The European Securities and Markets Authority Publishes Its 2026 Work Programme
The European Securities and Markets Authority (ESMA) published its 2026 Work Programme on October 3. According to the 2026 Work Programme, ESMA will focus on delivering core policy and supervisory mandates while contributing to reform efforts to further the integration, accessibility, and innovativeness of EU capital markets. This will involve supporting the implementation of the Savings and Investments Union (SIU) by pursuing further supervisory convergence with Member States, enhancing market data capabilities, and “actively contributing to upcoming reforms.” In addition, ESMA also intends to prioritize projects intended to drive market integration and innovation through the use of data. Key projects in 2026 will include the rollout of the ESMA Data Platform, the development of AI-powered supervisory tools, and the European Single Access Point (ESAP).
ESMA Publishes Report on the Functioning of EU Carbon Markets
ESMA published a report on the functioning of EU carbon markets on October 22. Based on 2024 data, the ESMA report does not identify any significant issue in the integrity and transparency of EU carbon markets. According to the report, emission allowance auctions and secondary market trading dynamics remain largely unchanged.
ESMA Announces 2025 European Common Enforcement Priorities and the Results of Fact-Finding on Materiality Considerations in Sustainability Reporting
ESMA outlined on October 14 the European Common Enforcement Priorities (ECEP) for the 2025 annual financial reports of listed issuers.

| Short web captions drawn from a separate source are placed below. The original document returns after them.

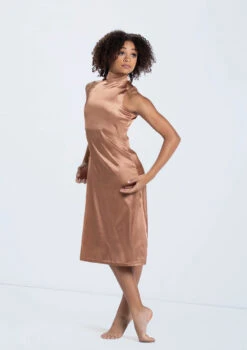 Weissman Charmeuse Mock Neck Dress -Best Dance Clothing Shop D13067 warmsand 272 62523.1698840477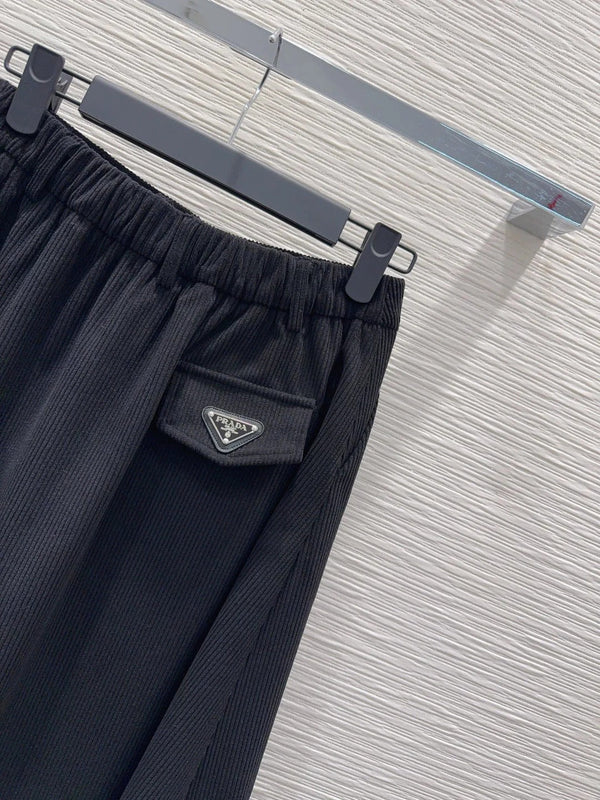 PRADA 25S A-LINE PLAID VELVET SKIRT 256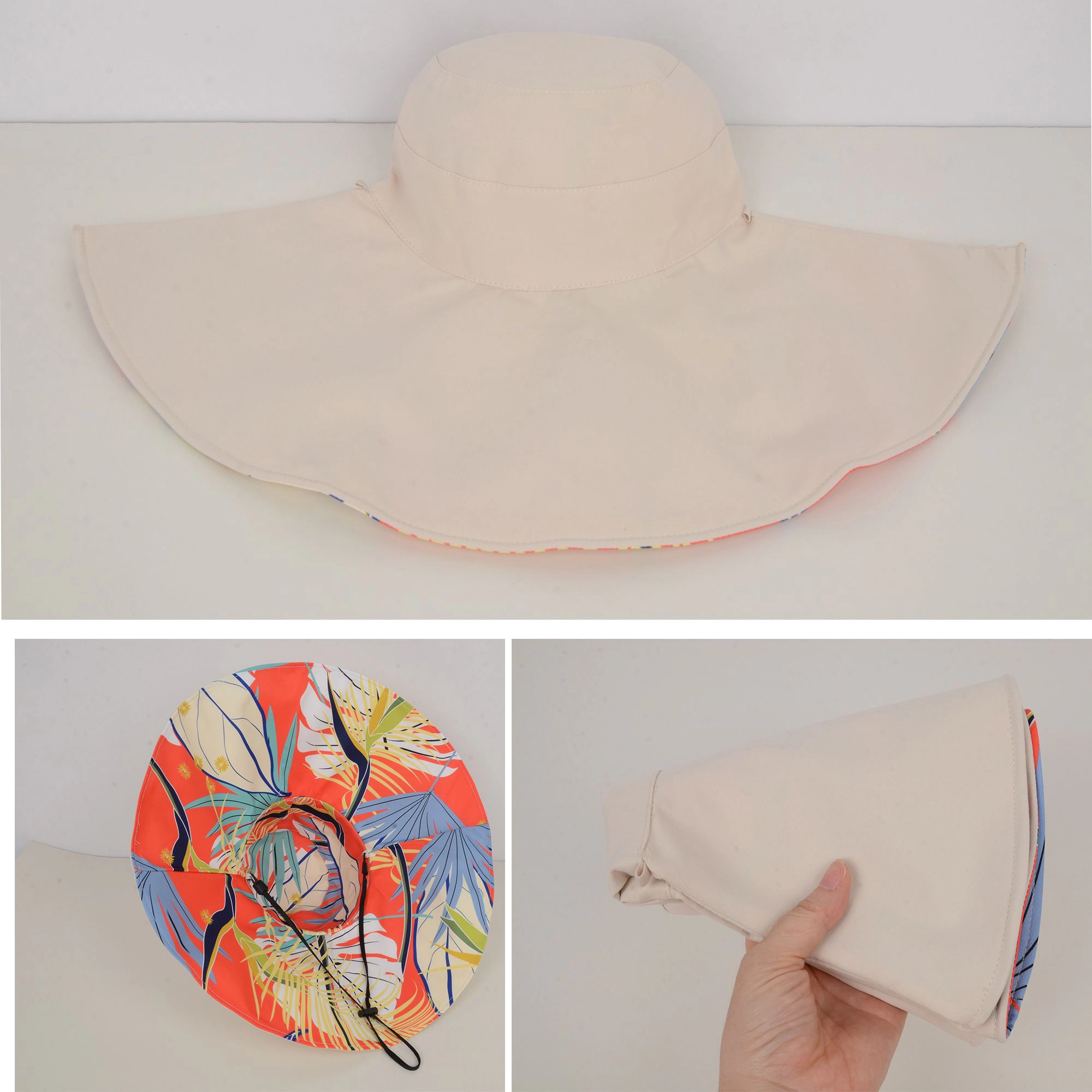 Anna-Kaci Women's Wide Brim Floppy Sun Hat with Colorful Printed Underside UV Protection Lightweight Foldable Design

In the ECEP, ESMA has indicated that issuers should focus on a variety of disclosures in their 2025 annual financial reports. Specifically, in their IFRS financial statements, ESMA has asked issuers to pay particular attention to geopolitical risks and uncertainties and segment reporting. In their sustainability statements, ESMA has indicated that issuers should account for materiality considerations in reporting under the European Sustainability Reporting Standards (ESRS), as well as the scope and structure of their sustainability statements. Finally, in ESEF digital reporting, issuers should avoid common ESEF filing errors found in the Statement of Cash Flows.
In addition, ESMA has published the outcome of its fact-finding exercise on the 2024 corporate sustainability reporting practices of European issuers under ESRS Set 1. The report examines disclosures under the double materiality assessment process.
The European Insurance and Occupational Pensions Authority Publishes New Guidelines to Promote Diversity on (Re)Insurers’ Boards
The European Insurance and Occupational Pensions Authority (EIOPA) published new Guidelines on October 14 about diversity considerations for (re)insurance undertakings. The new Guidelines, which (re)insurers should take into account when selecting members of their administrative, management, and supervisory bodies (AMSBs), were issued following recent amendments to the Solvency II Directive that aim to promote diversity among entities’ decision-makers. The Guidelines aim to promote diversity in the composition of senior function holders on the basis of their education and professional background, age, gender, and geographical origin and set quantitative objectives related to gender balance. The Guidelines will apply as of January 30, 2027.
The ESMA Publishes Final Regulatory Technical Standards under the EU ESG Ratings Regulation and the EU Green Bond Standard Regulation
The ESMA published final Regulatory Technical Standards (RTS) under the EU ESG Ratings Regulation on October 15. The final RTS set out requirements for ESG ratings providers with respect to conflicts of interest; separation of business; and methodological disclosures to the public, ratings users, and the issuers subject to the ratings. When compared to the initial draft RTS published on May 2, ESMA has appeared to soften the final RTS significantly by reducing the granularity of information that ESG rating providers must include in their application for authorization or recognition, and in their methodological disclosures. In addition, final provisions on conflicts of interest and the separation of business provide for more flexibility than originally proposed.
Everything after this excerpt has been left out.